→ WHAT IS BEING ASKED: In the listing that follows, find the line with "Mercedes-Benz – Hãng", then copy exactly from it through the line with "Λιβανός: Ποιους αφορά", leaving out every picture.
*** Opening of THE DATA ***
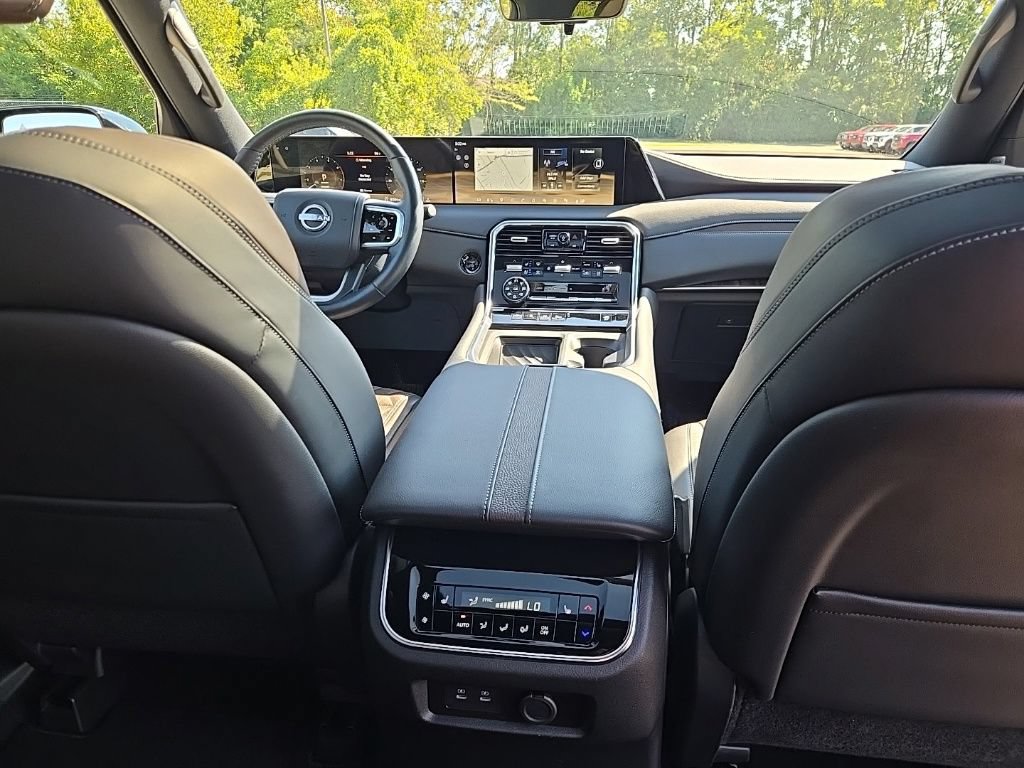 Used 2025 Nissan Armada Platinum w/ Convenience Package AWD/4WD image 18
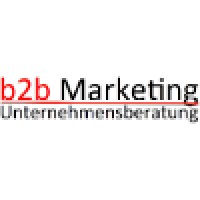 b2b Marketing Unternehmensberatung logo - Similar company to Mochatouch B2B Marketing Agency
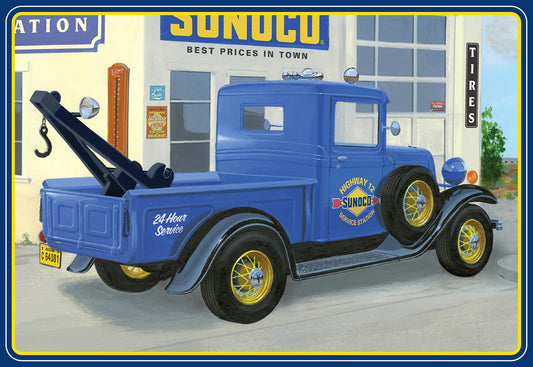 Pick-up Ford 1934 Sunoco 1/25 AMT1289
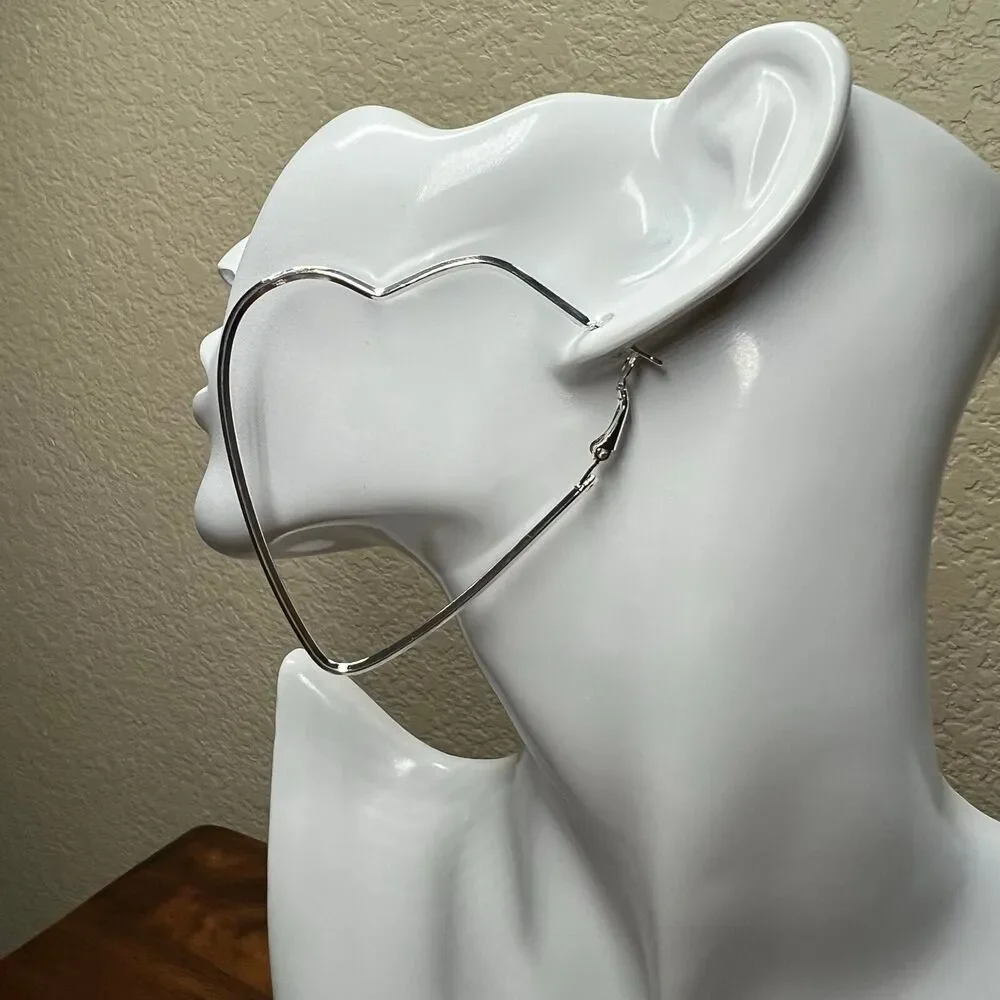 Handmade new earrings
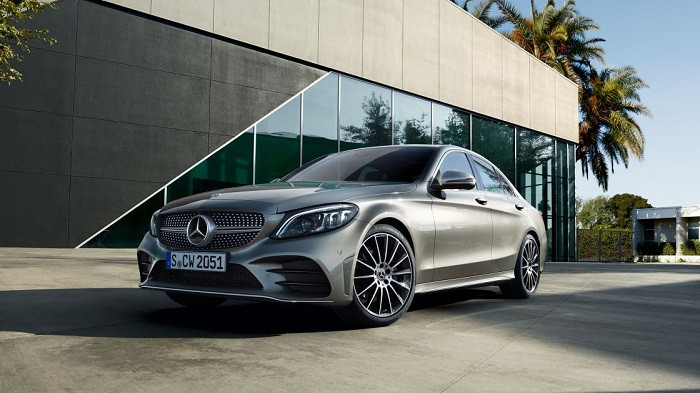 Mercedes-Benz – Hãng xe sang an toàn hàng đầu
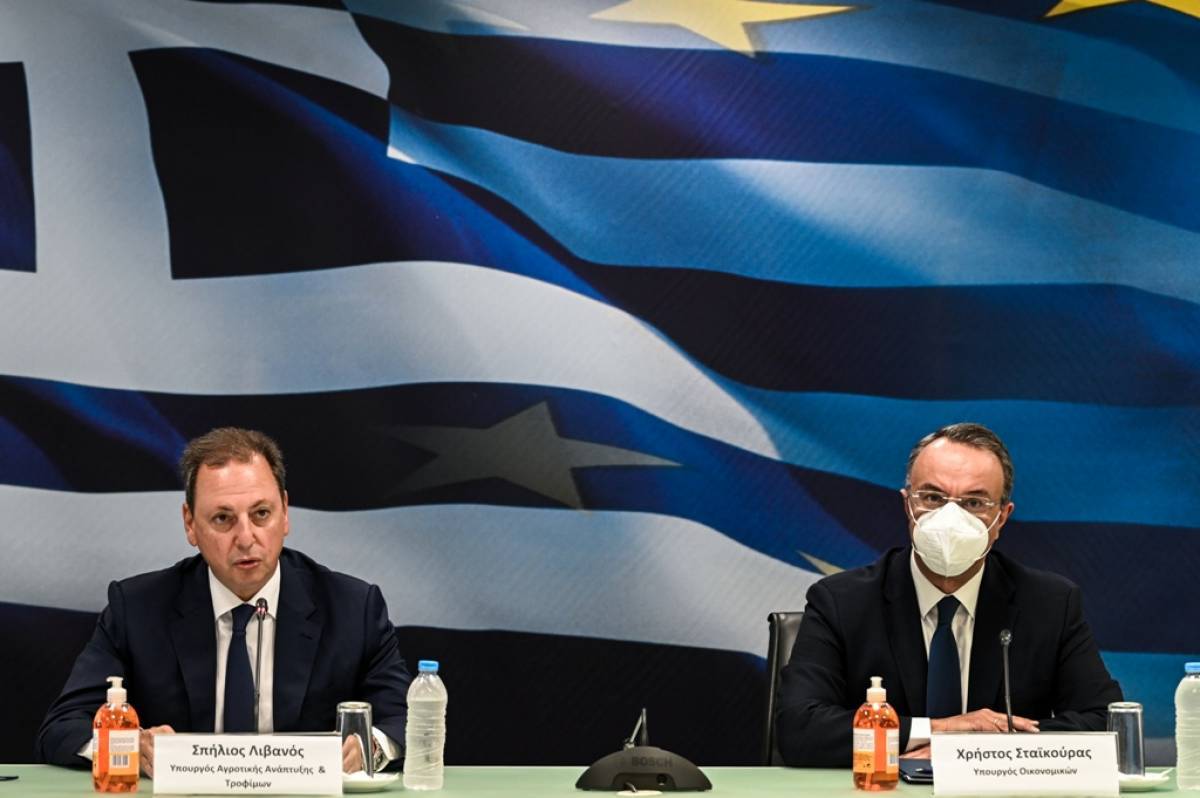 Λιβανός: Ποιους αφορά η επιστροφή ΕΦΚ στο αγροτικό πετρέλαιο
*** Close of THE DATA ***
*** Opening of THE DATA ***
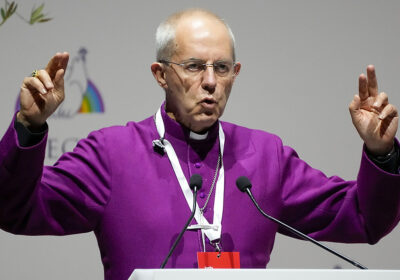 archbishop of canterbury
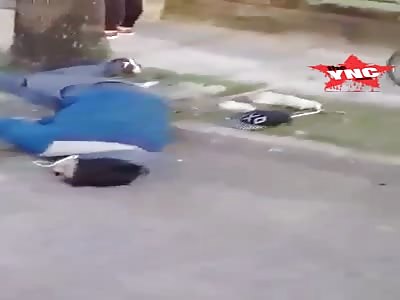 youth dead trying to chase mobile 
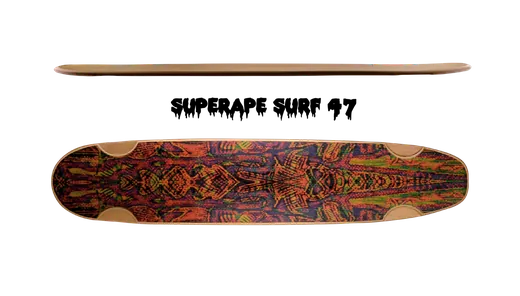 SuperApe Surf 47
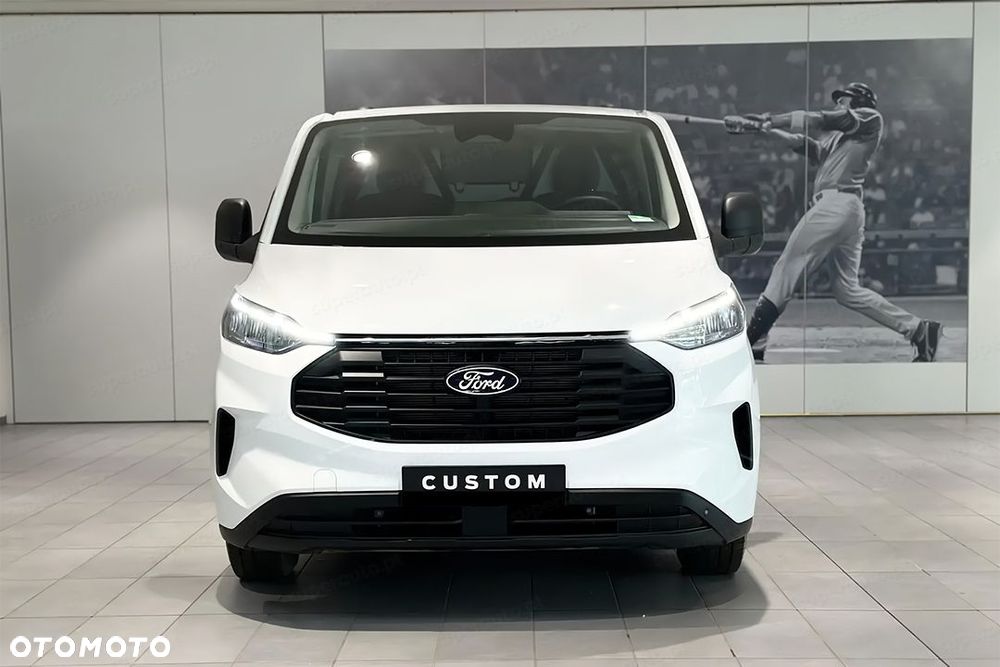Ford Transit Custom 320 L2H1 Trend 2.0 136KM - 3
*** Close of THE DATA ***
→ PROBLEM SOLUTION:
 Mercedes-Benz – Hãng xe sang an toàn hàng đầu
 Λιβανός: Ποιους αφορά η επιστροφή ΕΦΚ στο αγροτικό πετρέλαιο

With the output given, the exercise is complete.